• [To do]: Transcribe the data in full; each line must match exactly.

Short web captions
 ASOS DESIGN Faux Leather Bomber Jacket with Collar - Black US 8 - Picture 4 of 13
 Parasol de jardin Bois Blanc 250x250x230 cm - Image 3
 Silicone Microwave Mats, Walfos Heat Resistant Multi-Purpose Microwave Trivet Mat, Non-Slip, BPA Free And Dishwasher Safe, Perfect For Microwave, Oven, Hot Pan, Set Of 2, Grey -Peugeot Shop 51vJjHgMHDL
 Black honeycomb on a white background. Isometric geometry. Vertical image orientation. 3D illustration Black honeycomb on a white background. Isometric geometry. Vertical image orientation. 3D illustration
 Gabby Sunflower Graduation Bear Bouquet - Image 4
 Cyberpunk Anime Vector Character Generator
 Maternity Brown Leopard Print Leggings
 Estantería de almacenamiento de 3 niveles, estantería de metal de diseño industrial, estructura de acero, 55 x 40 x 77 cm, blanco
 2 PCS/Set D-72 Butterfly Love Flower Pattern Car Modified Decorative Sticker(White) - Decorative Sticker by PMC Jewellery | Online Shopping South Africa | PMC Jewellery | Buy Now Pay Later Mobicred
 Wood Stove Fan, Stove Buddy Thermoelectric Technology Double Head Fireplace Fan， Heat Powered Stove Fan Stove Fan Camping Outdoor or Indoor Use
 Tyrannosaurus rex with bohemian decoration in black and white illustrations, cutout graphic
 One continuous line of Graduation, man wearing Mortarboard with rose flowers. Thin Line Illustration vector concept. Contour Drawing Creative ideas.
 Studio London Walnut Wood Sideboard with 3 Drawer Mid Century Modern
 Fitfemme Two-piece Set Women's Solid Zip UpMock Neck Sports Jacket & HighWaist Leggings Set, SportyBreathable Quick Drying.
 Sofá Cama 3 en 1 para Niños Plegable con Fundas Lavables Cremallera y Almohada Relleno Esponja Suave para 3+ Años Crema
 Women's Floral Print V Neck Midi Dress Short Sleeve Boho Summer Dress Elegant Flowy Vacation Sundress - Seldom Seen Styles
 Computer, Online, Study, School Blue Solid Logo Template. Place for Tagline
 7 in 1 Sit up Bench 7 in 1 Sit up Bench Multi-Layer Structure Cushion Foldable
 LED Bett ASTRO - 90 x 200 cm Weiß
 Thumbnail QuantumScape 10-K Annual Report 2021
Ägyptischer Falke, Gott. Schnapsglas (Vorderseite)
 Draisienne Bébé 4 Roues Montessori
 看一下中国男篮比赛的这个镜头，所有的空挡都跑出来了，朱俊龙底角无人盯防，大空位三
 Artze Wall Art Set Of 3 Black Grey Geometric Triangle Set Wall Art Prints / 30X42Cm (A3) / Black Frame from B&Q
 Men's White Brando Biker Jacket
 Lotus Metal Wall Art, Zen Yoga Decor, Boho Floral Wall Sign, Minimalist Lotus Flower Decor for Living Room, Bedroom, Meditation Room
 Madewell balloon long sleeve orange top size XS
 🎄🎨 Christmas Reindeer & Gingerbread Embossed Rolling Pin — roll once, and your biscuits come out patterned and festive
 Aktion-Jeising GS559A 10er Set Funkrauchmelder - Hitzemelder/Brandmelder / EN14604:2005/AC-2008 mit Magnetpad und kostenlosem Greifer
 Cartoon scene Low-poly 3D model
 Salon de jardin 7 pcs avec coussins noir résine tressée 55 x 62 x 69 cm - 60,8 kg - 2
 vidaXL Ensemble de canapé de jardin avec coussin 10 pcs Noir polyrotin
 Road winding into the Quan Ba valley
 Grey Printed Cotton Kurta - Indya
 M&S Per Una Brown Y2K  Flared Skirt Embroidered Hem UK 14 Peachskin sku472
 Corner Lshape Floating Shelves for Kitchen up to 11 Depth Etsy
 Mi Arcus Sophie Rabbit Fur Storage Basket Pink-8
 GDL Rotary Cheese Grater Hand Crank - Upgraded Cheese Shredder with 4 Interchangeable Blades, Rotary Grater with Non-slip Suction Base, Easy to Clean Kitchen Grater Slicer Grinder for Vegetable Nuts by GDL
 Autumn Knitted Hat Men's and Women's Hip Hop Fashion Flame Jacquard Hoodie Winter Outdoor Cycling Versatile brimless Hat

• [Task answer]:
 ASOS DESIGN Faux Leather Bomber Jacket with Collar - Black US 8 - Picture 4 of 13
 Parasol de jardin Bois Blanc 250x250x230 cm - Image 3
 Silicone Microwave Mats, Walfos Heat Resistant Multi-Purpose Microwave Trivet Mat, Non-Slip, BPA Free And Dishwasher Safe, Perfect For Microwave, Oven, Hot Pan, Set Of 2, Grey -Peugeot Shop 51vJjHgMHDL
 Black honeycomb on a white background. Isometric geometry. Vertical image orientation. 3D illustration Black honeycomb on a white background. Isometric geometry. Vertical image orientation. 3D illustration
 Gabby Sunflower Graduation Bear Bouquet - Image 4
 Cyberpunk Anime Vector Character Generator
 Maternity Brown Leopard Print Leggings
 Estantería de almacenamiento de 3 niveles, estantería de metal de diseño industrial, estructura de acero, 55 x 40 x 77 cm, blanco
 2 PCS/Set D-72 Butterfly Love Flower Pattern Car Modified Decorative Sticker(White) - Decorative Sticker by PMC Jewellery | Online Shopping South Africa | PMC Jewellery | Buy Now Pay Later Mobicred
 Wood Stove Fan, Stove Buddy Thermoelectric Technology Double Head Fireplace Fan， Heat Powered Stove Fan Stove Fan Camping Outdoor or Indoor Use
 Tyrannosaurus rex with bohemian decoration in black and white illustrations, cutout graphic
 One continuous line of Graduation, man wearing Mortarboard with rose flowers. Thin Line Illustration vector concept. Contour Drawing Creative ideas.
 Studio London Walnut Wood Sideboard with 3 Drawer Mid Century Modern
 Fitfemme Two-piece Set Women's Solid Zip UpMock Neck Sports Jacket & HighWaist Leggings Set, SportyBreathable Quick Drying.
 Sofá Cama 3 en 1 para Niños Plegable con Fundas Lavables Cremallera y Almohada Relleno Esponja Suave para 3+ Años Crema
 Women's Floral Print V Neck Midi Dress Short Sleeve Boho Summer Dress Elegant Flowy Vacation Sundress - Seldom Seen Styles
 Computer, Online, Study, School Blue Solid Logo Template. Place for Tagline
 7 in 1 Sit up Bench 7 in 1 Sit up Bench Multi-Layer Structure Cushion Foldable
 LED Bett ASTRO - 90 x 200 cm Weiß
 Thumbnail QuantumScape 10-K Annual Report 2021
Ägyptischer Falke, Gott. Schnapsglas (Vorderseite)
 Draisienne Bébé 4 Roues Montessori
 看一下中国男篮比赛的这个镜头，所有的空挡都跑出来了，朱俊龙底角无人盯防，大空位三
 Artze Wall Art Set Of 3 Black Grey Geometric Triangle Set Wall Art Prints / 30X42Cm (A3) / Black Frame from B&Q
 Men's White Brando Biker Jacket
 Lotus Metal Wall Art, Zen Yoga Decor, Boho Floral Wall Sign, Minimalist Lotus Flower Decor for Living Room, Bedroom, Meditation Room
 Madewell balloon long sleeve orange top size XS
 🎄🎨 Christmas Reindeer & Gingerbread Embossed Rolling Pin — roll once, and your biscuits come out patterned and festive
 Aktion-Jeising GS559A 10er Set Funkrauchmelder - Hitzemelder/Brandmelder / EN14604:2005/AC-2008 mit Magnetpad und kostenlosem Greifer
 Cartoon scene Low-poly 3D model
 Salon de jardin 7 pcs avec coussins noir résine tressée 55 x 62 x 69 cm - 60,8 kg - 2
 vidaXL Ensemble de canapé de jardin avec coussin 10 pcs Noir polyrotin
 Road winding into the Quan Ba valley
 Grey Printed Cotton Kurta - Indya
 M&S Per Una Brown Y2K  Flared Skirt Embroidered Hem UK 14 Peachskin sku472
 Corner Lshape Floating Shelves for Kitchen up to 11 Depth Etsy
 Mi Arcus Sophie Rabbit Fur Storage Basket Pink-8
 GDL Rotary Cheese Grater Hand Crank - Upgraded Cheese Shredder with 4 Interchangeable Blades, Rotary Grater with Non-slip Suction Base, Easy to Clean Kitchen Grater Slicer Grinder for Vegetable Nuts by GDL
 Autumn Knitted Hat Men's and Women's Hip Hop Fashion Flame Jacquard Hoodie Winter Outdoor Cycling Versatile brimless Hat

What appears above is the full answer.